The reviewer’s task is to identify deficiencies and areas for improvement and then clearly communicate that information to the author. No one likes a critic, but nearly everyone appreciates definitive instructions that will enable them to improve the quality of their product. That should be the focus of red team reviewers. Accordingly, corrective actions captured on evaluation forms should be specific and detailed. Otherwise, the author will be unable to determine the recommended solution to an identified deficiency. Comments like “This section is vague,” “What are you trying to say?” or “Fix it” will be of little help to the author. Ask reviewers to be specific in identifying proposal deficiencies and explicit in defining the necessary corrective actions.

Consider collecting past evaluation forms, both good and bad, to use as examples for red team training. Finally, ask reviewers to refrain from marking typographical, spelling, or grammatical errors. They need to focus on more substantive issues, and these types of errors are easily fixed during the next rewrite and edit cycle.

Conducting the Red Team Review

Equipped with the proposal requirements matrix and relevant author guides, the reviewers read the proposal section to determine if each requirement is adequately addressed. (The same review guide shown in Figure 15-1 can be used for the red team review.)

Each evaluator reads his or her assigned proposal section and compares it to the review guide and any associated author guides. The results of the review should be captured in an evaluation form like the one shown in Figure 15-2. Deficiencies are noted on the proposal evaluation form, along with the recommended corrective actions. In addition, the reviewer also checks to see if the themes, features/benefits, and risk mitigation strategies contained in the author guide made their way into the proposal. If not, or if they are ineffective, a deficiency should be noted.

Use a separate evaluation form for each issue or deficiency. This will help track the subsequent resolution of deficiencies. The evaluation form includes space to list proposal strengths and weaknesses and a space to identify and score proposal risk. As appropriate, evaluators also recommend changes to enhance the proposal with the purpose of transforming an acceptable section into a superior one.

For identified weaknesses, reviewers should provide their recommended corrections. Strengths are listed to ensure that they are preserved during the next revision cycle and to potentially enhance their effectiveness.
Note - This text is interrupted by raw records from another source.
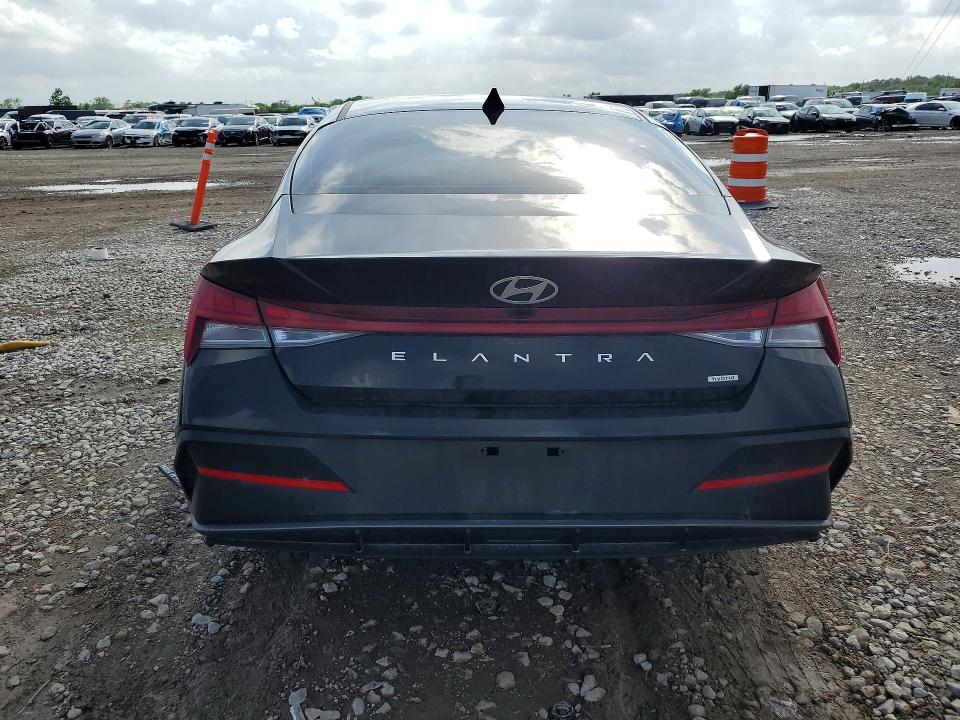 2025 Hyundai Elantra VIN KMHLN4DJ6SU155975 COPART salvage auction — NORMAL WEAR, Tx - Salvage Vehicle Title, sold $175 on 2026-07-30 (photo 6)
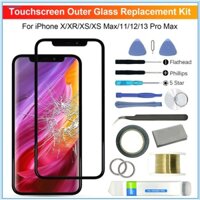 Bộ Dụng Cụ Thay Thế Màn Hình Kính Trước Cho iPhone X / XR / XS / XS Max / 11 / 12 / 13 Pro Max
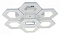 Потолочная люстра Escada Hexagon 10204/7LED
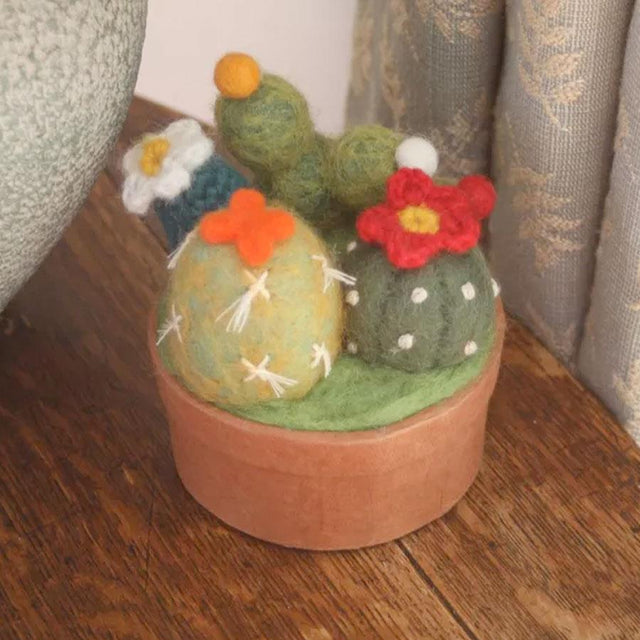 Felt Cactus Pot Decoration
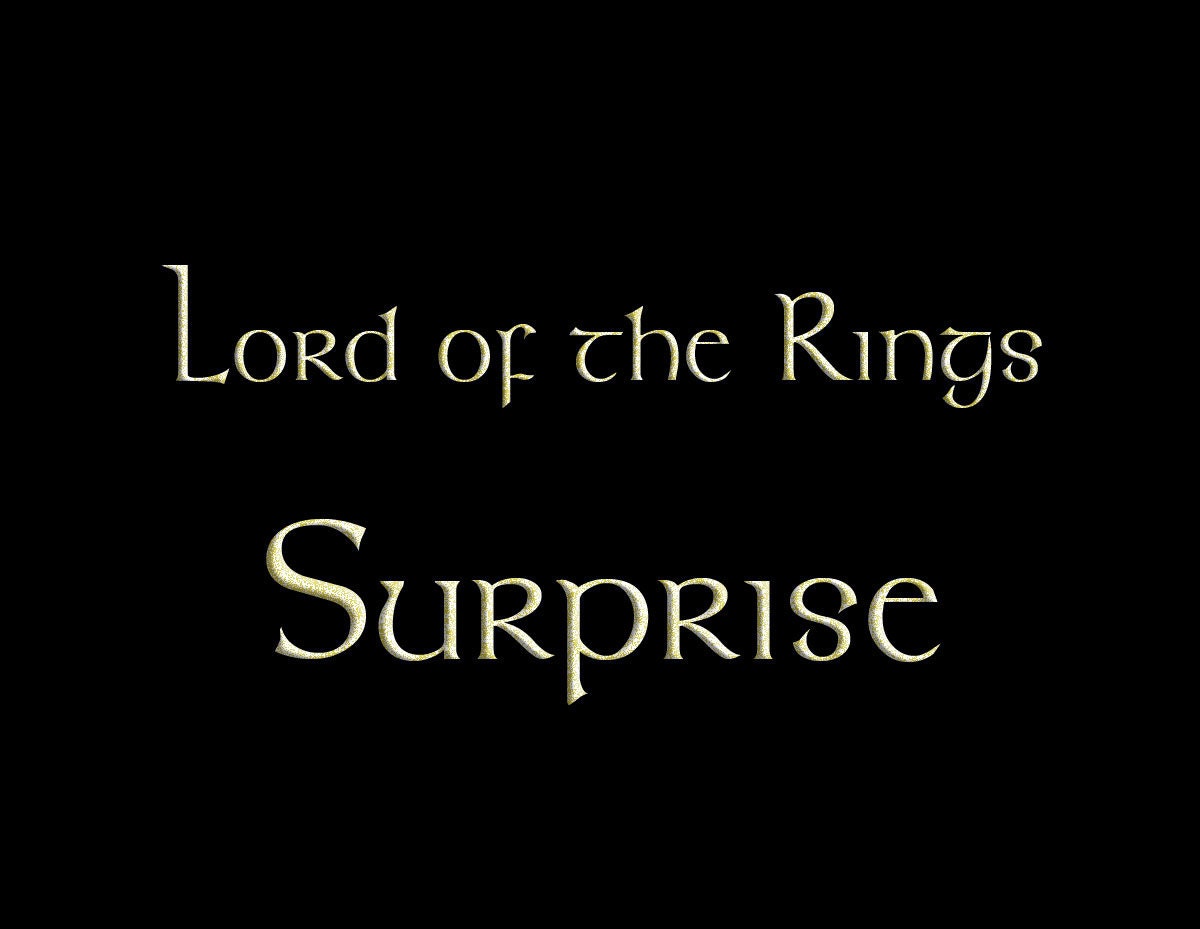 Lord of the Rings Themed Surprise Package - Itty Bitty Teeny Tiny Gift  - LOTR Quotes - Present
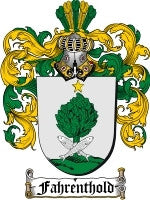 Fahrenthold coat of arms family crest download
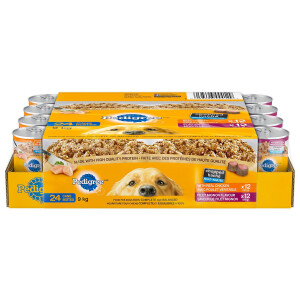PEDIGREE Wet Chopped 24ct pack (with Real Chicken and Filet Mignon Flavour)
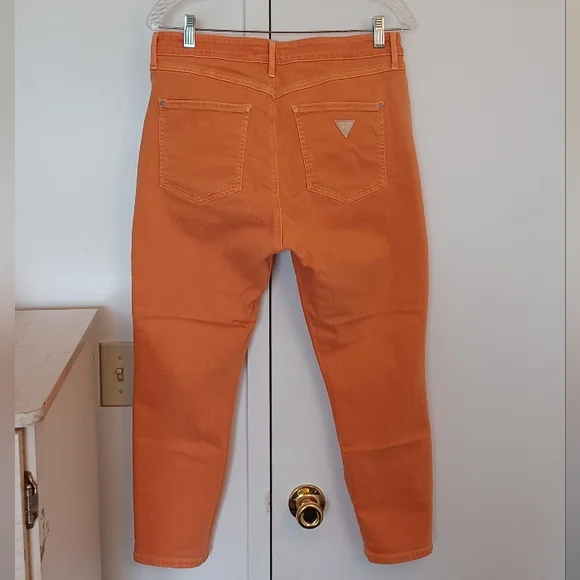 Guess Orange Jeans/ Capri Size31 - Picture 1 of 5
The “control number” on Sheet 1 is used to keep track of deficiencies. Assign each reviewer a unique alpha identifier—A, B, C, etc. The reviewer assigns each deficiency a control number, using his or her alpha code as a prefix, and sequentially numbers each deficiency (e.g., A-1, A-2, A-3).

To complete their evaluation task, reviewers assign each proposal section a score according to the method the customer will use to evaluate proposals. Reviewers will need a form of some type to summarize their scores and risk ratings for each proposal section. Again, the left-hand column of the proposal requirements matrix can be adapted easily for this task, as illustrated by Figure 15-3. (Note: Different proposal requirements matrices were used to create Figures 15-1 and 15-3. For Figure 15-1, I wanted to show a review guide that included multiple RFP requirements; for Figure 15-3, I wanted to show how the matrix could be tailored to summarize evaluation results at the proposal paragraph level. In reality, the same matrix would be used to create both evaluation forms.)

Combine scores and risk ratings for individual proposal sections to arrive at a score for each technical evaluation factor and subfactor, as defined by Section M of the RFP. Remember to apply the relative importance weights of subfactors to determine factor scores. The final evaluation score and proposal risk rating should be the consensus of all the reviewers who scored the section. This is the score that will be presented to the proposal team at the red team debriefing.

Likewise, all the proposal strengths and weaknesses should be agreed upon by the relevant reviewers and listed for each evaluation subfactor. All the reviewers for each proposal section should collaborate and agree upon the corrective action contained in the evaluation forms. Otherwise, authors may receive inconsistent or contradictory directions about how to correct a noted deficiency.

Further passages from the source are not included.